Rooting a tree from a cutting gives the gardener a head start over waiting for a seed to develop. It is also a way to preserve good stock, or propagate a hard-to-come-by plant, and a cost effective alternative to buying more plants. There are three different stages of growth that work for tree cuttings: soft wood cuttings, semi-hard wood cuttings, and hard wood cuttings. You can utilize hard wood cuttings taken from dormant trees in spring, whereas soft and semi-hard wood cuttings obtained from the current season's growth are best used in late summer and early fall.
Prepare the rooting medium in advance. A mixture of peat moss and soil or gardening soil and sand are well-draining options. It is important that the rooting medium doesn't dry out too quickly or get too wet and clumpy. Moisten lightly.

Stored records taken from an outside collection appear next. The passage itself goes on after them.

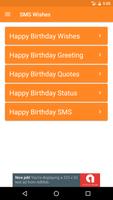 Happy Birthday Wishes SMS Images Wallpapers 截图 1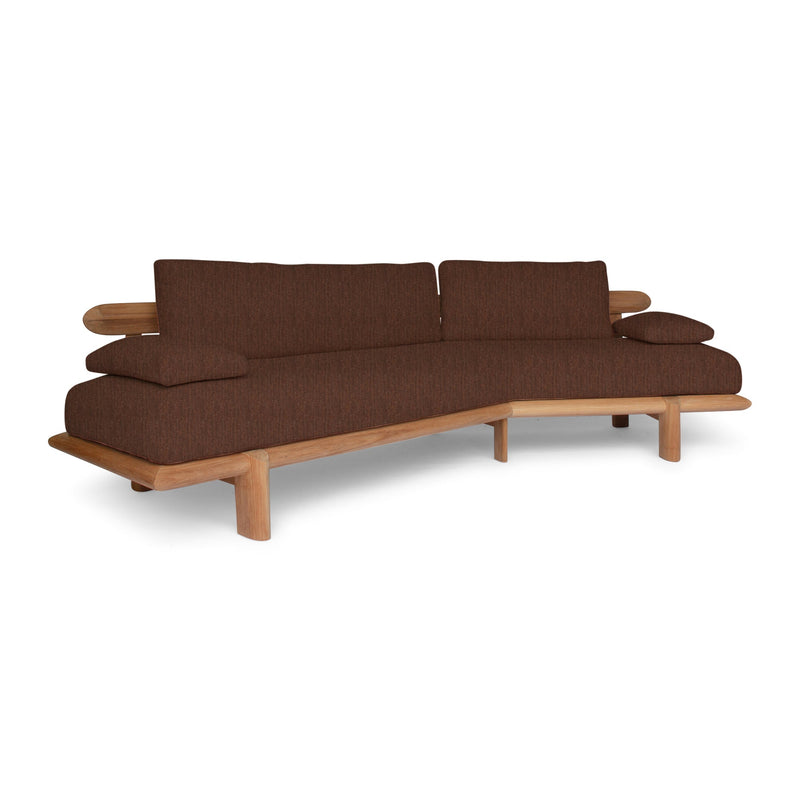 Livorno Sofa - BETACO Sofas - 2-Seater Sofa / Teak / Ferriere 4 - HORNE
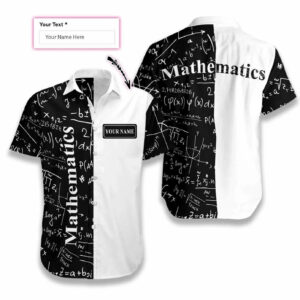 Beach Hawaiian Shirts Shop Personalized Mathematics Math Teacher Hawaiian Aloha Hawaiian Shirtsscustom Name  - Thelegend59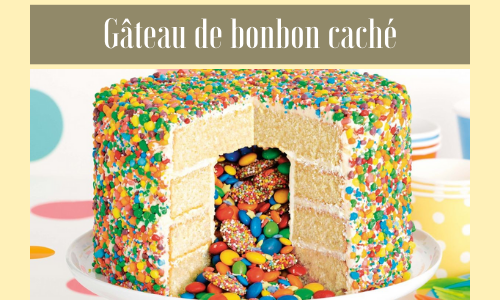 Gâteau de bonbon caché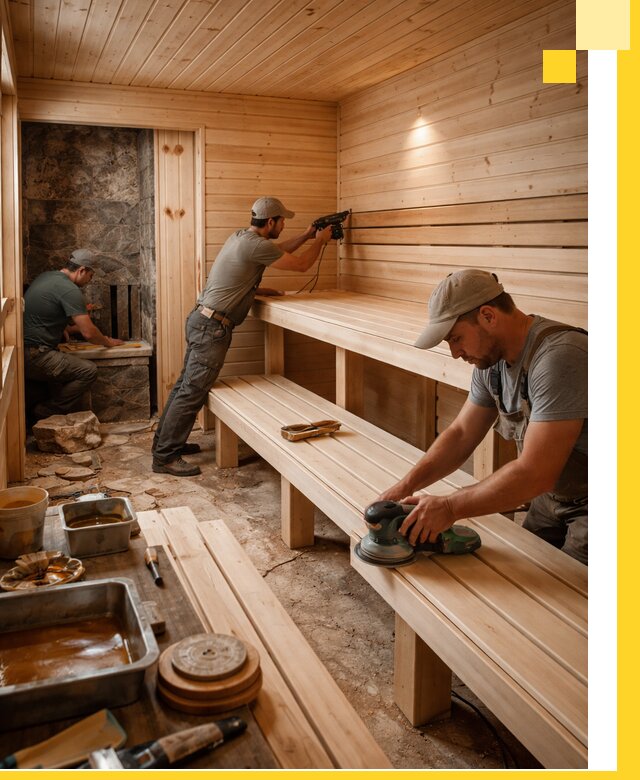 Профессиональная отделка бань в Луховицах под ключ, с гарантией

Cut a stem 4 to 8 inches long with a sharp knife or pruner scissors. Avoid stems carrying flowers.
Cut half of the leaves on the cutting. Cut large remaining leaves in half to encourage root formation over maintaining foliage.

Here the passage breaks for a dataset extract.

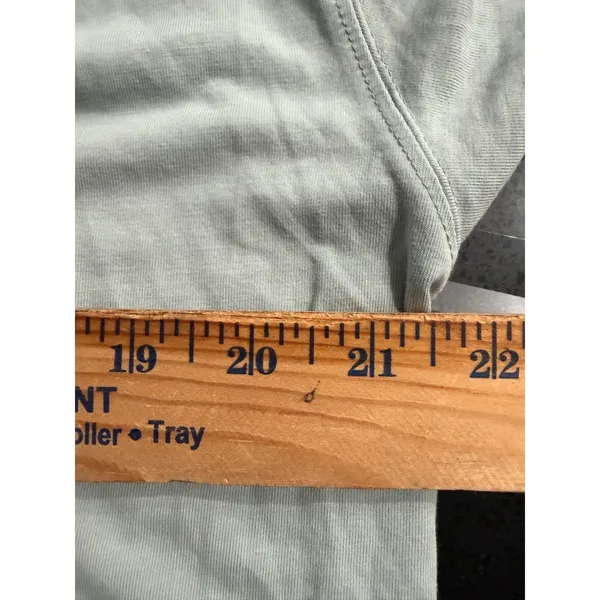 Lululemon Back in Action Long Sleeve Shirt Sage Green‎ Relaxed Fit Size 10 flaw - Image 7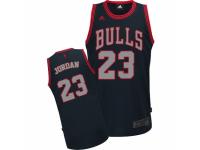 Men Adidas Chicago Bulls #23 Michael Jordan Swingman Black Graystone Fashion NBA Jersey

Strip some bark off the bottom of the cutting and then dip it in the rooting hormone (available at gardening centers and nurseries).
Place a third to a half of the cutting (the end with the rooting hormone on it) into your rooting medium. Pat soil around your cutting down gently to support your shoot and water.
Cover the cutting with a transparent jar or wrap. Use see-through containers such as soda bottles, mason jars or plastic bags, or construct a mini green house with clear plastic wrap over a wire structure.
Place the cutting in indirect sunlight to promote photosynthesis without overheating your soil. Maintain at a temperature no less than 65 or more than 80 degrees F.
Transplant into regular garden soil after plants have produced fresh leaves, indicating new roots have formed. Use containers or put directly in the ground.